2. Brief Description of the Prior Art
The development of the 2nd Law of Thermodynamics is based primarily on heat engine analysis. The gist of Kelvin's statement of the 2nd Law Of Thermodynamics is that no cylic process is possible whose sole result is a flow of heat from a single reservoir and the performance of equivalent work.
It is known that any system operating on a cycle and receiving heat while doing work must also have a heat-rejection process as part of the cycle. A heat-rejection or heat-recuperation process may be make up in closed cycles with only a single external heat reservoir provided that the work medium is a combined mixture of a non-condensable first gas and a condensable second gas, wherein the condensable second gas is used as an internal cold reservoir to carry out the heat-rejection process and the non-condensable first is isothermally compressed and adiabatically expanded performing useful work. Therefore, it is possible to construct a heat engine which will do work and exchange heat with a single external heat reservoir.
The present invention employs a sliding-blade gas/liquid compressor operating in a closed cyle which effectively isothermally compresses a two-phase working medium mixture of gas and fine dispersed liquid (heat capacitance phase) which absorbs adiabatic heat in the compression process.

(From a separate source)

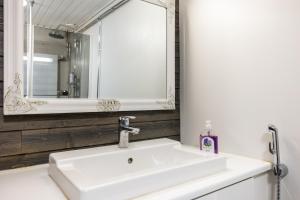 een witte wastafel in een badkamer met een spiegel bij Santas Duplex II in Rovaniemi +4 foto's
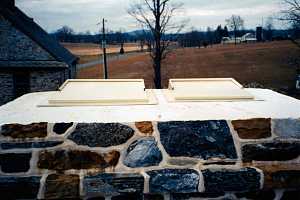 Top of stone chimney looking at the two flue dampers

Most conventional high speed gas turbine compressor are not able to operate utilizing a two-phase gas/liquid medium since a liquid of the mixture produces destructive erosion of blades. In the present invention the liquid phase is not a destructive factor for the sliding-blade gas/liquid compressor, but instead, improves the compression process by providing the means for hydraulically packing the clearances.

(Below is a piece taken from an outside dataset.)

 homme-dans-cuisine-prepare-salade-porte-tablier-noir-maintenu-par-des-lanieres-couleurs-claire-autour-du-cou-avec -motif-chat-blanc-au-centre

Sliding-vane pumps are known in the art which are designed for performing a plurality of function in which vane radial travel is accomplished by the interaction between vane tips with the internal body bore. Ruzic, U.S. Pat. No. 5,144,802 discloses such a rotary fluid apparatus having pairs of connected vanes.
The principle disadvantage of such apparatus is that their design does not allow inlet and outlet channels at the full width of operating chambers which lowers its filling coefficient and leads to elevated hydrodynamic losses and also causes intensive wear of the vane tips. Moreover, lubricant is, present in the operating chamber which excludes it's application as a gas/liquid compressor.
Hiroshi et al, U.S. Pat. No. 5,044,910 discloses a vane pump with rotatable drive means for vanes wherein the vane tips are prevented from contacting the internal body bore. However, in this type of pump, the vane movement control means are positioned in the operating chambers and are not protected from interaction with the working medium. Moreover, the short vanes extend maximally in rotor slots and are subjected to large bending loads that subject the slot area to distortion and results in increased resistance as they slide in the slots.
Vane-type rotary pumps are also known in the art wherein the vanes are prevented from contacting the internal bore of the body. Chi, U.S. Pat. No. 5,385,458 discloses a vane-type rotary compressor. Eckharolt, U.S. Pat. No. 5,316,456 discloses a slide vane machine. Clerc, U.S. Pat. No. 2,562,698 discloses a rotary compressor having short vanes resting on rollers. Because of the large bending moment, such short vanes do not give full value positive effect.
One of the main disadvantages of the aforementioned apparatus is their intolerance of small amounts of liquids, because the critical surfaces of the structures requiring lubrication are not isolated from the working medium. For example, vane tips sliding over the fixed wall, vane movement control means and the like.
The sliding-blade gas/liquid compressor of the present invention overcomes the above described problems.